Serie Barrios de El Poblado (1997 - 1998)

Calles amplias y limpias, jardines cuidados. En El Diamante se respira un aire distinto, menos denso que el que hay dos cuadras más allá. Un barrio sin mácula, aunque en su pasado se encuentre que aquí vivieron Félix Correa Maya y Pablo Escobar Gaviria -su presencia nunca afectó la vida del barrio, a tal punto que si por algo se reconoce a El Diamante es por su tranquilidad, seguridad y calidad de vida.

Estos personajes son sólo anécdotas, aunque evidencian que lo que el barrio ofrece a sus habitantes es tan bueno que cualquiera lo quisiera tener.

El Diamante fue construido en la finca de Carlos Salazar, un bogotano que la tenía como lugar de recreo. Como con tantos barrios de El Poblado, el nombre de la finca se mantuvo cuando se urbanizó el sector.

Cuando el propietario de la época, Gustavo Rueda, decidió vender los terrenos de su finca para construir un barrio, la dividió por lotes y la organizó para atraer a los compradores. Eran los años 60’s.

En ese tiempo se llegaba a El Diamante por unos rieles que conectaban la carretera a Envigado con la portada del Club Campestre.

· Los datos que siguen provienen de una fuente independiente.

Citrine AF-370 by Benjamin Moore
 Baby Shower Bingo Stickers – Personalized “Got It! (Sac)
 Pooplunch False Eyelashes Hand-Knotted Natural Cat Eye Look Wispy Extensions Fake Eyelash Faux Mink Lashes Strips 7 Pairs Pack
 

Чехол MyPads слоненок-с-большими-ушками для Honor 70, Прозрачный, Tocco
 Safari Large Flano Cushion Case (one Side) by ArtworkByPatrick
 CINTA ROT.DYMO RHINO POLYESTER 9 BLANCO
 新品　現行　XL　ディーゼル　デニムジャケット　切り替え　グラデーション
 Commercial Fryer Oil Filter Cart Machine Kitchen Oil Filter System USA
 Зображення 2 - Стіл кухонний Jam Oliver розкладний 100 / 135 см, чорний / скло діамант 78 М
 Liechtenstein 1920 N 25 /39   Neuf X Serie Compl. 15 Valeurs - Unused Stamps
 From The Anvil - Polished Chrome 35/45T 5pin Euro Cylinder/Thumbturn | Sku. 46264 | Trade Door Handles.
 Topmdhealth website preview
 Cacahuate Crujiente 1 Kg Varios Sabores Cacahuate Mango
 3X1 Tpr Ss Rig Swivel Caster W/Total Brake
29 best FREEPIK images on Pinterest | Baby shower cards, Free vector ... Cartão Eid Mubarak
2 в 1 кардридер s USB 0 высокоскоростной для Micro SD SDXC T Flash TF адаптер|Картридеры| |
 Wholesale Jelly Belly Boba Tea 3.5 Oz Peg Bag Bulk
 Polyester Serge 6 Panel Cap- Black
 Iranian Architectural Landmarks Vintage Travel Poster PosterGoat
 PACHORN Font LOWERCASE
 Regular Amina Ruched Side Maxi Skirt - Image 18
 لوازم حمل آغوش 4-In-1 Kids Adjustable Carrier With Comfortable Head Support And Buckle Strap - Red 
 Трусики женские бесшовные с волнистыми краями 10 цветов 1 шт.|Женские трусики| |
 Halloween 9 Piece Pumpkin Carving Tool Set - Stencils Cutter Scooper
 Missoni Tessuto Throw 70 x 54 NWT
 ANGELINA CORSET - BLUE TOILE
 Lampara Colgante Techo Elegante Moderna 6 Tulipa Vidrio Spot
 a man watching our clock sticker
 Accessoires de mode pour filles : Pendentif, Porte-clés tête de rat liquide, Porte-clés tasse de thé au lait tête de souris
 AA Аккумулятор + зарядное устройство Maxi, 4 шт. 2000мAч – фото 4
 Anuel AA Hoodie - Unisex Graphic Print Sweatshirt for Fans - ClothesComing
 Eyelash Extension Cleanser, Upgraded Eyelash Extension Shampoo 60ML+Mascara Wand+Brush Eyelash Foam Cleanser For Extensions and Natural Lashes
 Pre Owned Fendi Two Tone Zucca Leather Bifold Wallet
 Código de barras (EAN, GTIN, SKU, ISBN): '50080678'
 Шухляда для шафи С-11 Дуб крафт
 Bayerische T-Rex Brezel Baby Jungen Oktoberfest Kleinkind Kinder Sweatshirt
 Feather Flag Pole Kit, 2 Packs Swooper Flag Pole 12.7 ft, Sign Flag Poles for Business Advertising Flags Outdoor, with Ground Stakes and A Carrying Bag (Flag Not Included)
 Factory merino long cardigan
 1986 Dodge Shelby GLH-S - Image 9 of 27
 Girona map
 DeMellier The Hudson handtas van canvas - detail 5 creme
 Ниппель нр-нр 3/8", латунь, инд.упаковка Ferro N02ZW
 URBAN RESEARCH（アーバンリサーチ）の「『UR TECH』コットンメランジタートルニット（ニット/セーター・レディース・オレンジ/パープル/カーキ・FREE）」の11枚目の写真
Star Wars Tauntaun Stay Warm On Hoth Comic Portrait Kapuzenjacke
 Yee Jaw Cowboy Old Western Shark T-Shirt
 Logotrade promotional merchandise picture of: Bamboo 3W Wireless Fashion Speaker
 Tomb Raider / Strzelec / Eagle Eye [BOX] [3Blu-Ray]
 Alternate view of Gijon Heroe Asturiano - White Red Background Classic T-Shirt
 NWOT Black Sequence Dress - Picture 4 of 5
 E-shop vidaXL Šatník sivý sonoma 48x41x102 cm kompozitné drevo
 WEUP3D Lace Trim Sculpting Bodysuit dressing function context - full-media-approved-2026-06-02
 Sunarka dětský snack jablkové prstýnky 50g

En esas condiciones llegaron las primeras familias al nuevo barrio. Cada quien hizo su casa a su amaño y se fue a vivir a una zona de Medellín que para entonces era considerada lejana.

La mayoría de esos nuevos habitantes venían de barrios tradicionales de la ciudad, como Laureles, buscando más espacio y tranquilidad para la crianza de sus familias.

34 años

El primer lote lo compró Darío Arango a los comisionistas Camilo Posada y Gustavo Navarro, hace 34 años. Siete meses después había construido su casa, gracias a una estricta planeación y a un seguimiento detallado de las obras.

En ese entonces el metro cuadrado era a 70 pesos y la construcción de una casa oscilaba entre 350 mil y 400 mil.

Familias como la Ochoa, Vélez, Arango y la de Tatino fueron los primeros pobladores del barrio El Diamante.

Dos años después de iniciarse la urbanización, ya se había construido la primera etapa del barrio. En ese tiempo no había acueducto de las Empresas Públicas, sino el tradicional de la finca.

A esas primeras familias les tocó vivir en una ambiente de tranquilidad y seguridad aún mayor que el de hoy en día. A pesar de la distancia del Centro de la ciudad, el barrio no estaba aislado pues estaba a 200 metros de la carretera que a los pocos años se convirtió en la Avenida El Poblado; además ya estaban establecidos los servicios de buses y taxis al sector.

Esas familias eran de matrimonios jóvenes con hijos pequeños, algunas de ellas bastante numerosas.

Con el tiempo todos esos niños formaron sus barras de amigos que crecieron en un ambiente sano y de camaradería.

El hermoso parque que hay en el centro del barrio fue alguna vez cancha de fútbol; las esquinas y antejardines eran zonas de juegos; las bicicletas y los patines rodaban por calles y aceras. En las calles se veía gente y se oían las risas y los gritos de los niños.

Esos niños crecieron, se casaron y se fueron a vivir a otros barrios.

El Diamante de hoy es un hermoso, bien cuidado y silencioso barrio. No es Medellín tampoco la misma ciudad, pero en El Diamante se pasó de la bulla de niños en la calle al silencio y la quietud de un asilo y a la mirada adusta de los celadores que vigilan las calles que antes eran públicas y hoy son privadas o semiprivadas, gracias a las experiencias que dejaron los vecinos mencionados al principio.

Se respira el mismo aire tranquilo y seguro que permite tener hermosas terrazas amobladas sin temor a que los amigos de lo ajeno las desalojen. Los jardines están bien cuidados y aunque algunos de los viejos vecinos vendieron sus grandes casas, El Diamante se da el lujo de haber evitado la invasión de oficinas y almacenes, clientes y carros, que tiene a punto de sucumbir a otros barrios. Sigue siendo para muchos el barrio más bonito de El Poblado.